**What is needed:** Leaving out all pictures, transcribe exactly the lines between the line with "Preotul din Lyon" and the last line of the records below, both included.

**Records provided:**
== Segment start ==

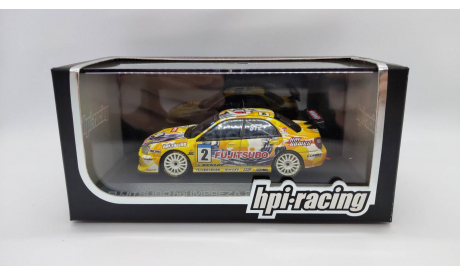 Subaru Impreza 2005 GDB WRX STi Super Taikyu #2 Fujitsubo [HPI Racing] 1/43, масштабная модель, scale43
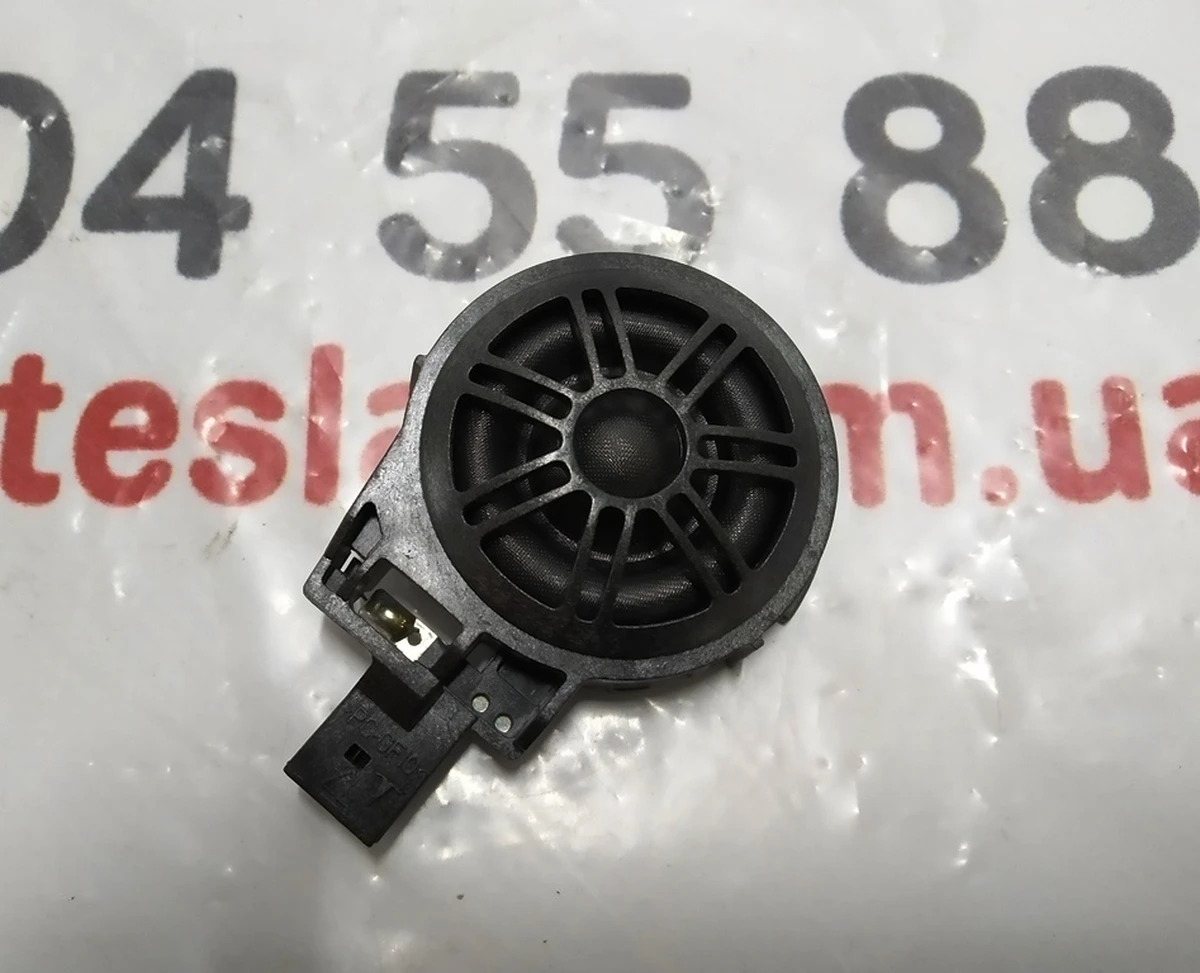 10 Динамик высокочастотный активный 25мм Tesla Model S Feb 2021, Model X Mar 2021, Model 3, Model 3 Jan 2024, Model Y 1079741-00-A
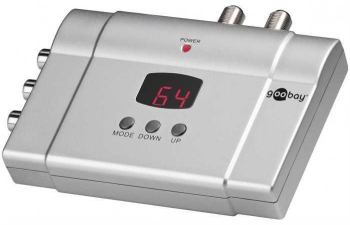 Modulator audio-video la semnal VHF/UHF Goobay 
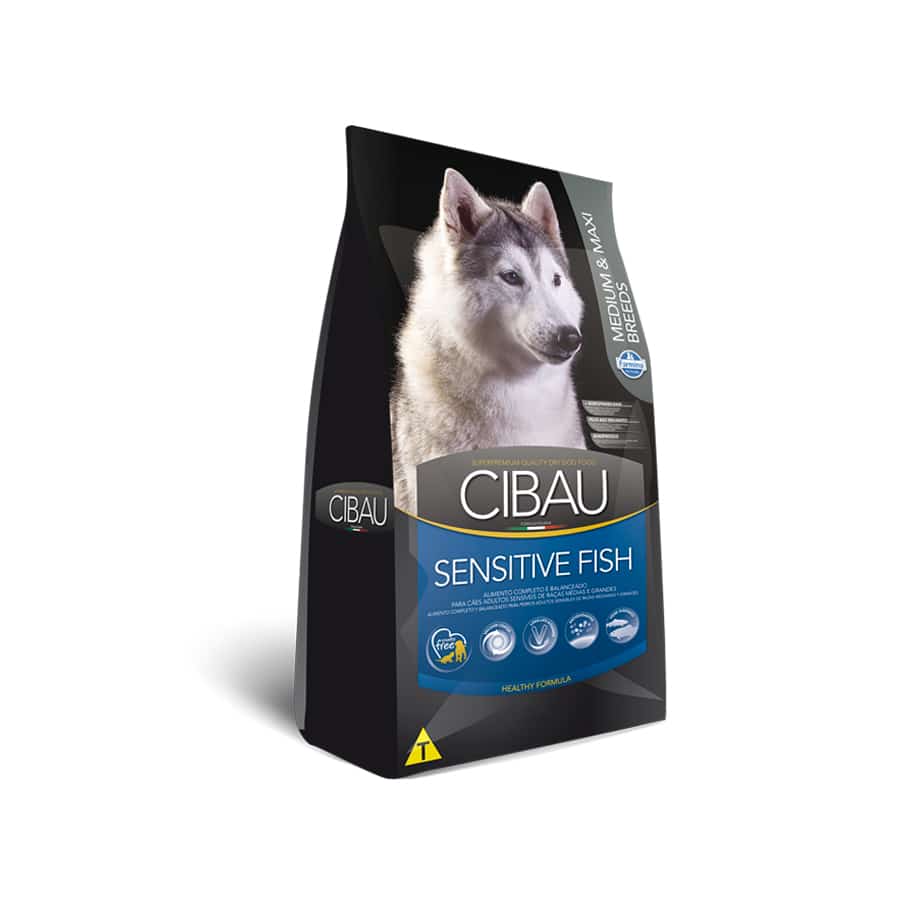 Cibau Sensitive Fish Medium & M Breeds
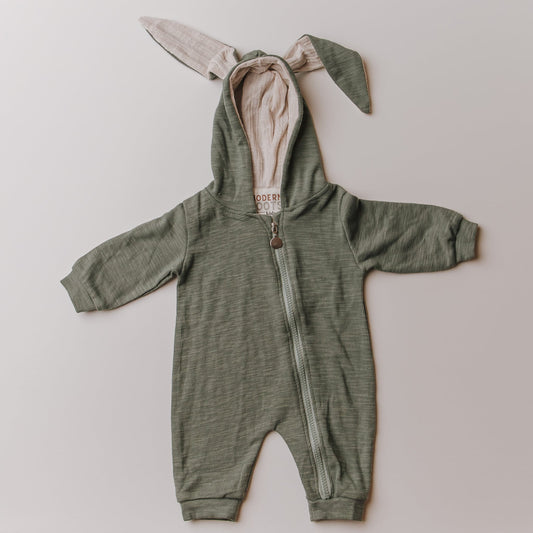 Bunny Zip Romper | FERN
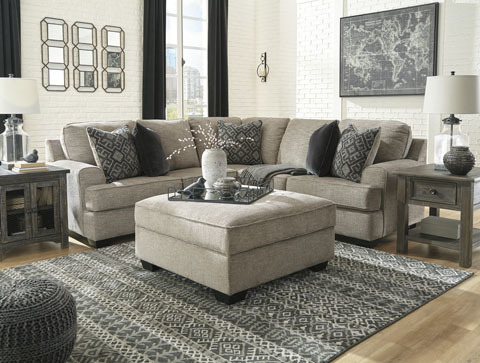Ashley - 3 PC SECTIONAL-BOVARIAN STONE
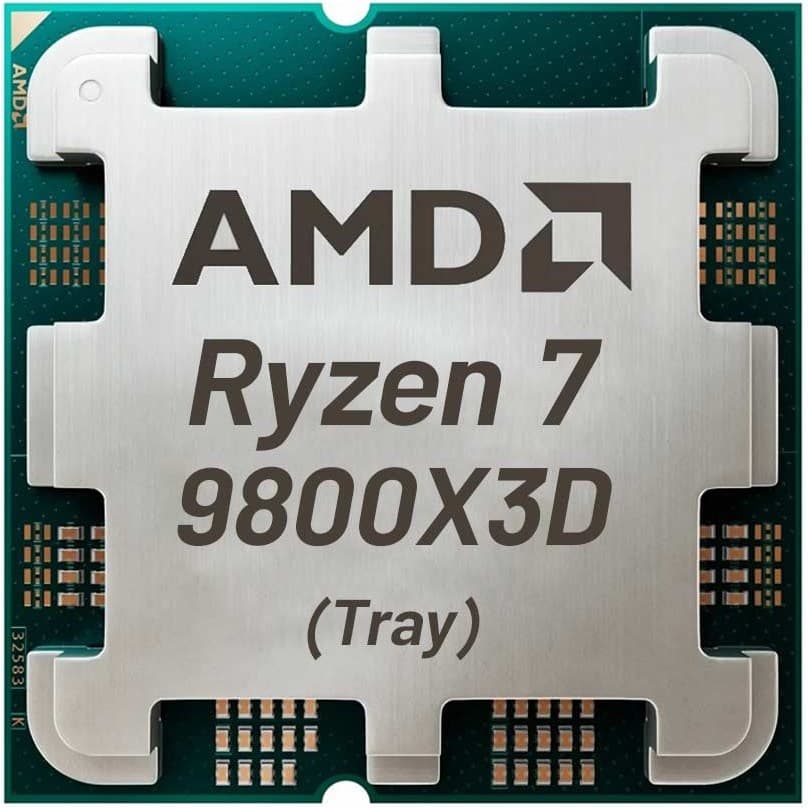 AMD Ryzen 7 9800X3D Granite Ridge AM5 4.7GHz Tray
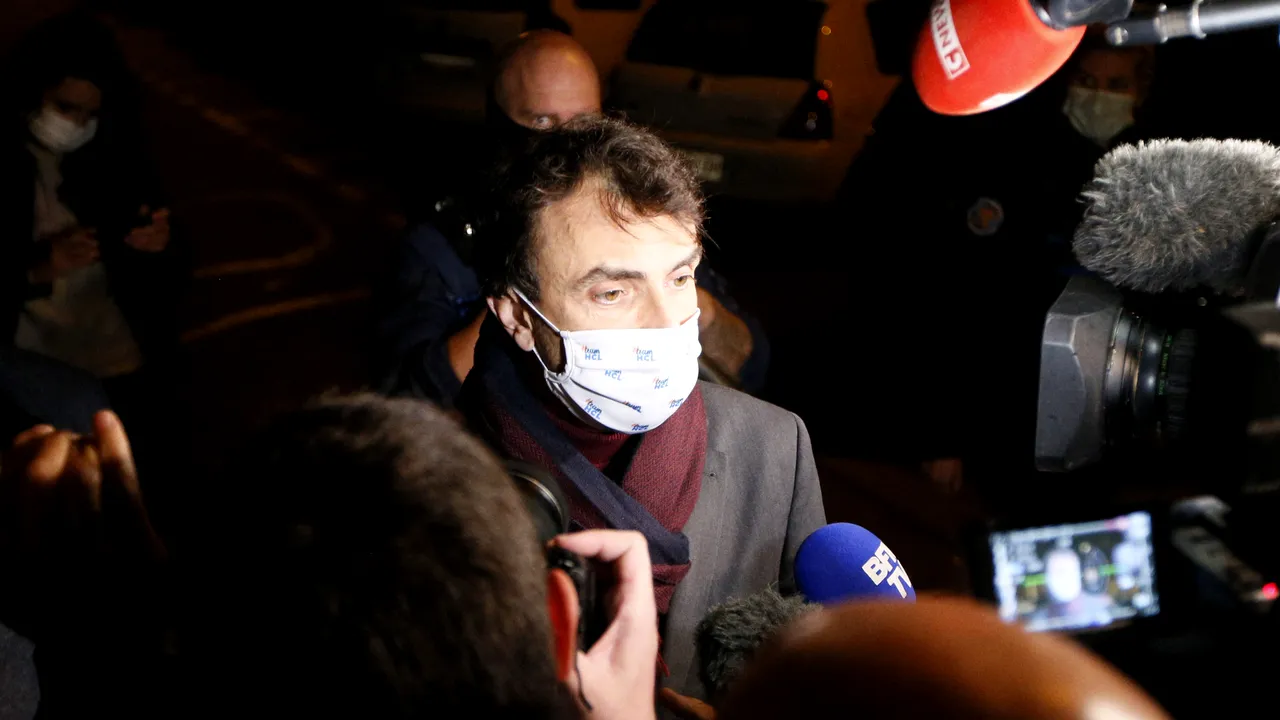 Preotul din Lyon este operat. Primarul Grégory Doucet se declară mulţumit de modul de operare al poliţiei în acest caz
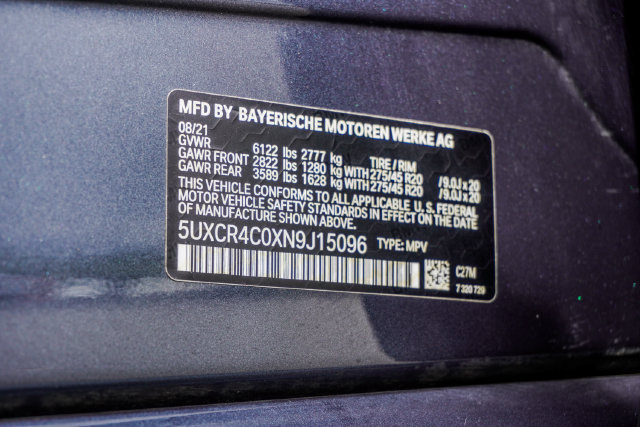 Used 2022 BMW X5 sDrive40i w/ M Sport Package RWD image 14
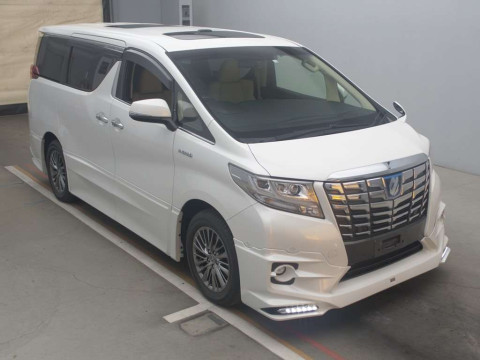 2016 Toyota Alphard Hybrid AYH30W[2]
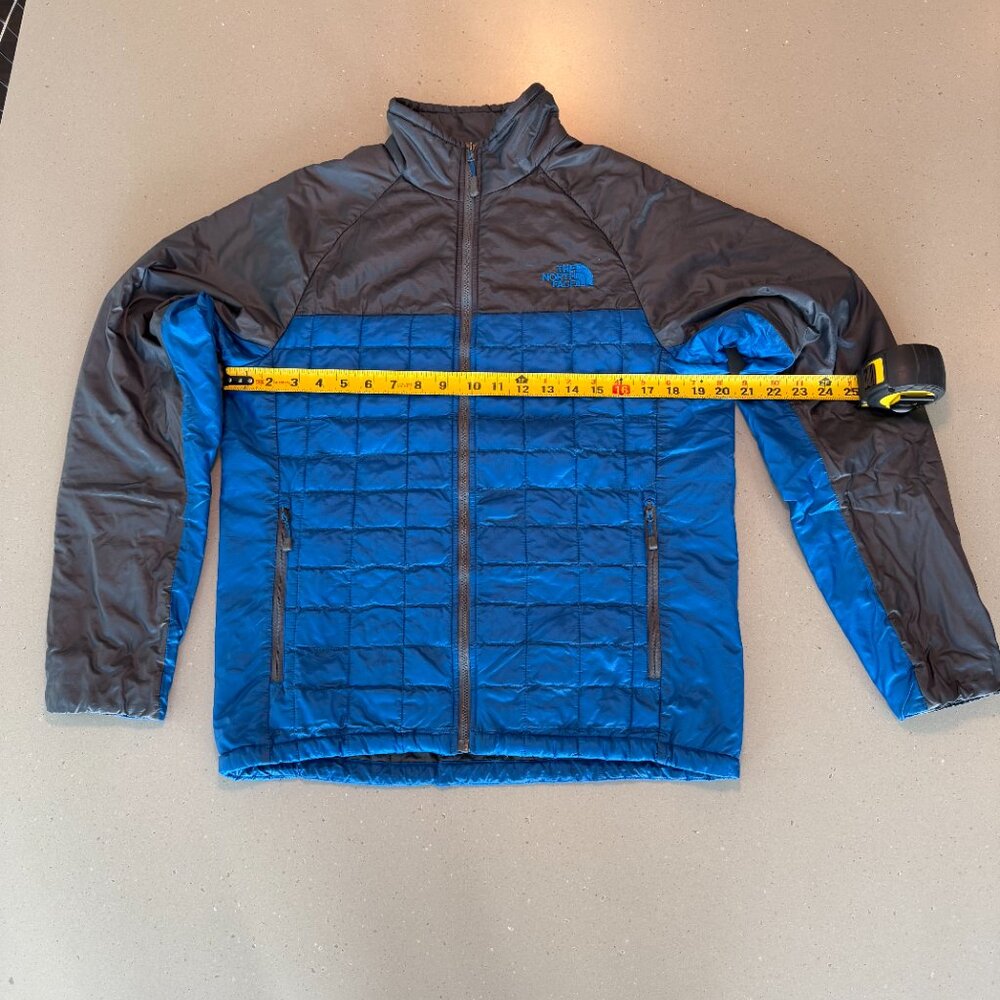 The North Face Men's Thermoball Jacket Small Grey/Blue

== Segment end ==

**Response box:**
 Preotul din Lyon este operat. Primarul Grégory Doucet se declară mulţumit de modul de operare al poliţiei în acest caz
 Used 2022 BMW X5 sDrive40i w/ M Sport Package RWD image 14
 2016 Toyota Alphard Hybrid AYH30W[2]
 The North Face Men's Thermoball Jacket Small Grey/Blue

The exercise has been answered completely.